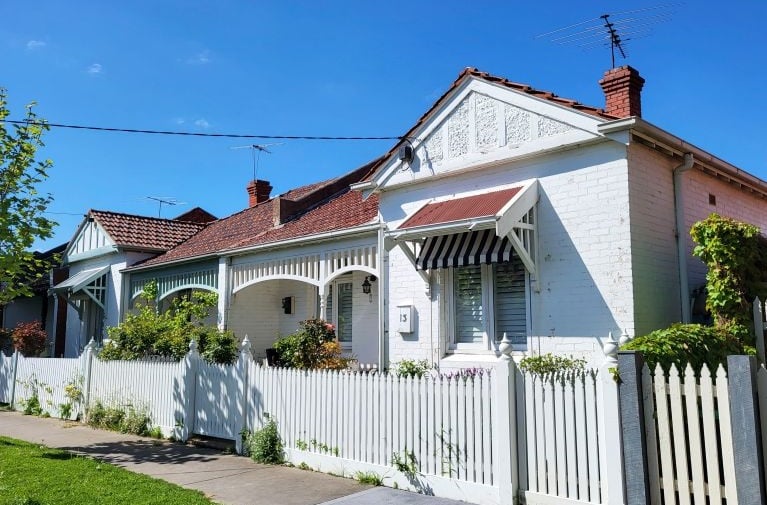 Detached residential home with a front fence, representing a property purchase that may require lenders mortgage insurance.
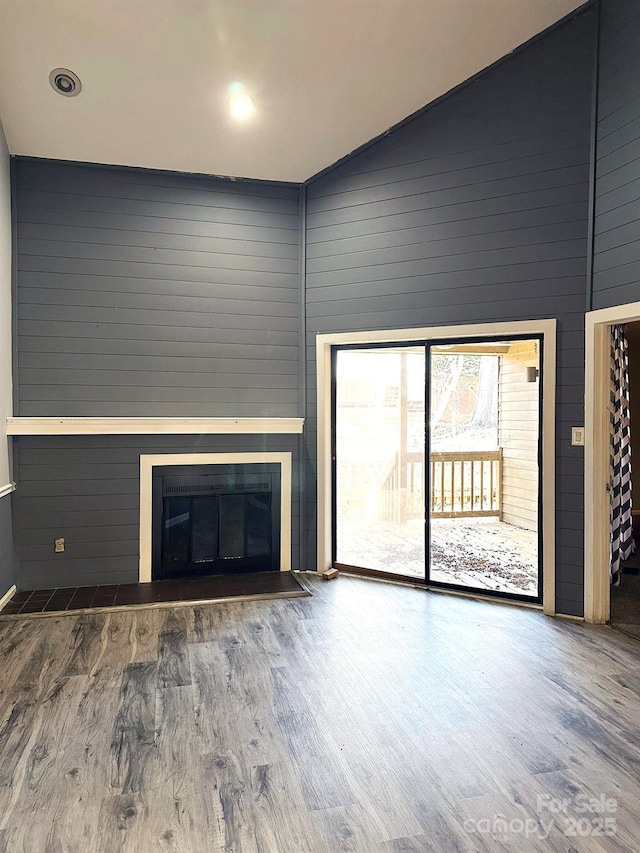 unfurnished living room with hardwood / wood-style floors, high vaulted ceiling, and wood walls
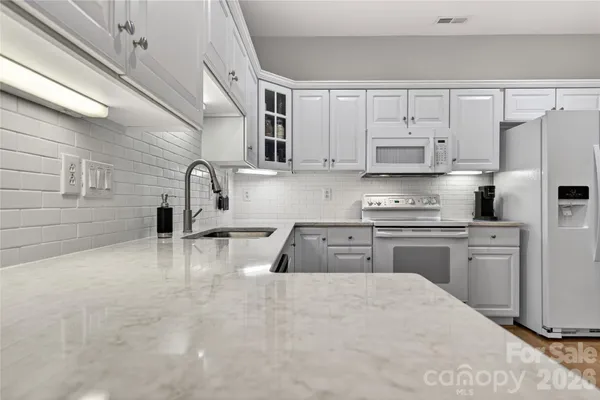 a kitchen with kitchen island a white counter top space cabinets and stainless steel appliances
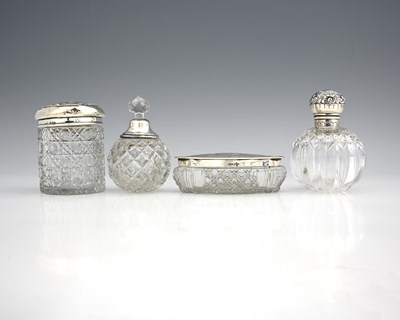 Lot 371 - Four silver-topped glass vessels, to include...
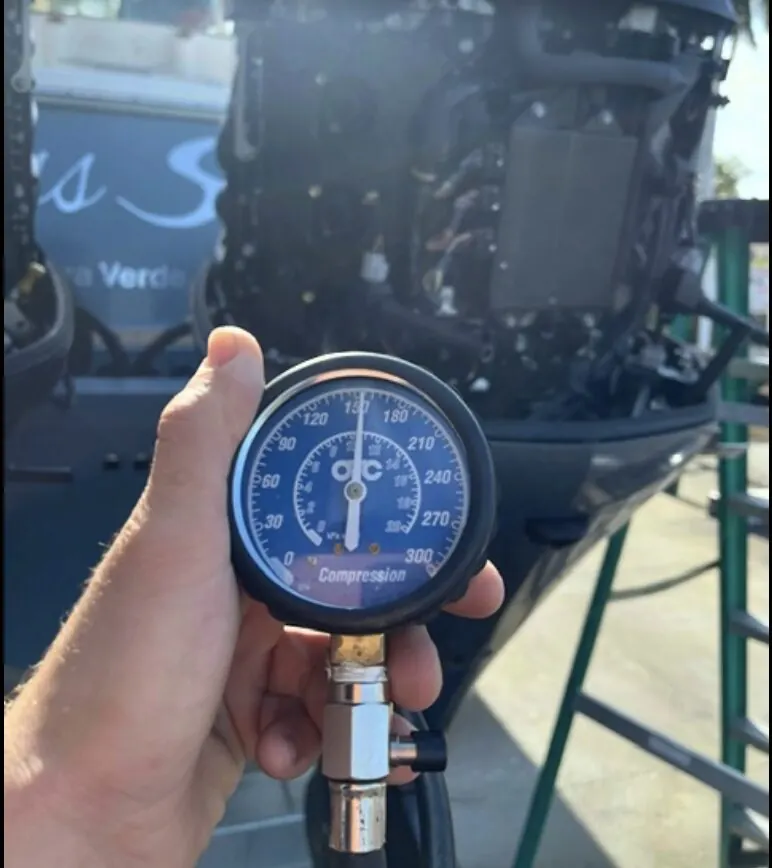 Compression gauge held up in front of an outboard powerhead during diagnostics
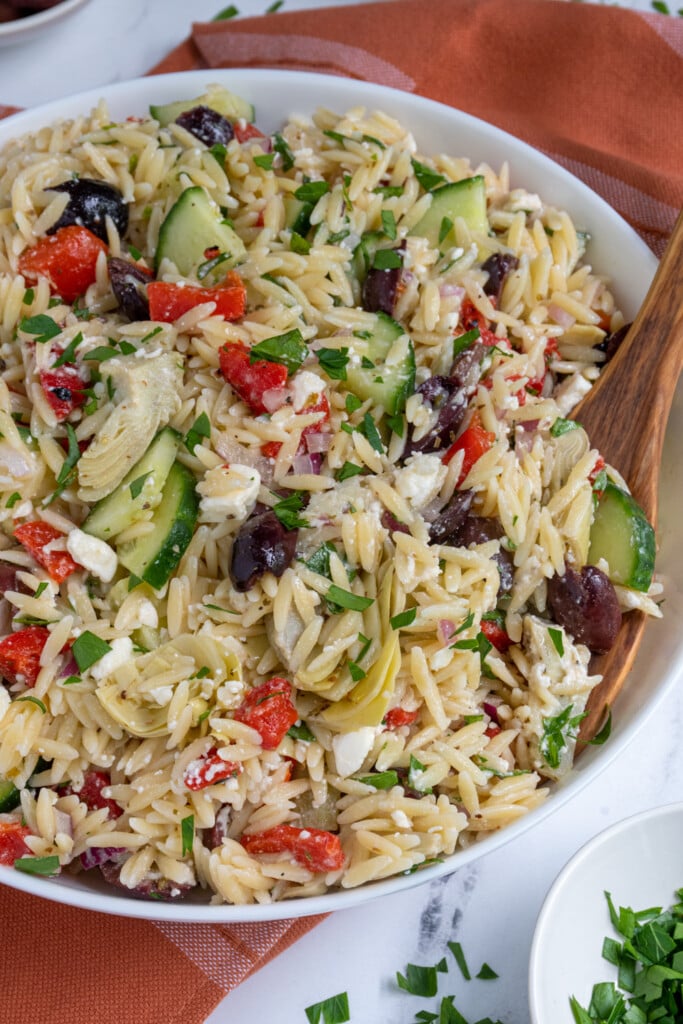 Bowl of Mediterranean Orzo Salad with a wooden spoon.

----------------------------------------

• WHAT YOU WILL DO:
An exact copy of the lines from the line containing "a kitchen with" through the final line of the listing, without pictures, is the expected result.

• RESPONSE TO THE TASK:
 a kitchen with kitchen island a white counter top space cabinets and stainless steel appliances
 Lot 371 - Four silver-topped glass vessels, to include...
 Compression gauge held up in front of an outboard powerhead during diagnostics
 Bowl of Mediterranean Orzo Salad with a wooden spoon.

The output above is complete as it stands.